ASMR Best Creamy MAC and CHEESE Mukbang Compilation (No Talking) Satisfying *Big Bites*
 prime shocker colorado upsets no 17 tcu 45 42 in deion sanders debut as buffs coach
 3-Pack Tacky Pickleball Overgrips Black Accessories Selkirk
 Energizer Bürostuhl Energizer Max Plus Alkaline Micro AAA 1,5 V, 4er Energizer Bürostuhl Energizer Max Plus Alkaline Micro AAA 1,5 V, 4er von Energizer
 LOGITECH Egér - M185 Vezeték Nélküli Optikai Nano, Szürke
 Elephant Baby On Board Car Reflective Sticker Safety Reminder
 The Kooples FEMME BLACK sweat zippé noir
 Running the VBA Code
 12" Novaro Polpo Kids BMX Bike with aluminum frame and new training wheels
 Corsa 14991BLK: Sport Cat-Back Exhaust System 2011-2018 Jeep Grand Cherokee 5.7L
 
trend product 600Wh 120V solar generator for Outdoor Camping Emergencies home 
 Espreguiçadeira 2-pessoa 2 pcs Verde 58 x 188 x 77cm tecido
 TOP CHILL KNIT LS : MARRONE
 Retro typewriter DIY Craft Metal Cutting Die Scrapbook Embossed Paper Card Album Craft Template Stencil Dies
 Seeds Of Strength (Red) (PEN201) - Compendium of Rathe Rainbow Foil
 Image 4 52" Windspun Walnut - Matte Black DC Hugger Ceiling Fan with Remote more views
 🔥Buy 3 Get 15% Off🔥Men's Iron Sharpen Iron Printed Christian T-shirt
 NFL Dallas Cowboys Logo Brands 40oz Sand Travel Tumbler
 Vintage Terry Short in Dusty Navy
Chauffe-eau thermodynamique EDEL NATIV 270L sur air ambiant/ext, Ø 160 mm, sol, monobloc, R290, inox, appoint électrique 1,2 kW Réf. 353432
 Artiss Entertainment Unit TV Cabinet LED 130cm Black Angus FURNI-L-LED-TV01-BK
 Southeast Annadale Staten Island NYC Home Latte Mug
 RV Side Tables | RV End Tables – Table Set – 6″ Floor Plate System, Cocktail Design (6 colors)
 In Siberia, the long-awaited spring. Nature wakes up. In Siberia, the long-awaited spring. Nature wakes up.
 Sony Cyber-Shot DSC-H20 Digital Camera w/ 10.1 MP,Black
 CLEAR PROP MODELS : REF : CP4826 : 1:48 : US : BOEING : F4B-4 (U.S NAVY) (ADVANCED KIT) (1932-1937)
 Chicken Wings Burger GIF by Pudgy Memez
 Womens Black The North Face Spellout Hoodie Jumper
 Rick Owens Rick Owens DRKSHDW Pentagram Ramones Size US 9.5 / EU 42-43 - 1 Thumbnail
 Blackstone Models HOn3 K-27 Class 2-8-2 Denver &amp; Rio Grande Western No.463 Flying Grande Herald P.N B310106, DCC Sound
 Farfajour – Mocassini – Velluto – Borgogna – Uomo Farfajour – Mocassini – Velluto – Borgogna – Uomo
****
__Activity__. Your answer must consist solely of the lines above between the line holding "Remote more views" and the line holding "Vintage Terry Short in Dusty Navy", inclusive, copied exactly.

__Result for this exercise__.
 Image 4 52" Windspun Walnut - Matte Black DC Hugger Ceiling Fan with Remote more views
 🔥Buy 3 Get 15% Off🔥Men's Iron Sharpen Iron Printed Christian T-shirt
 NFL Dallas Cowboys Logo Brands 40oz Sand Travel Tumbler
 Vintage Terry Short in Dusty Navy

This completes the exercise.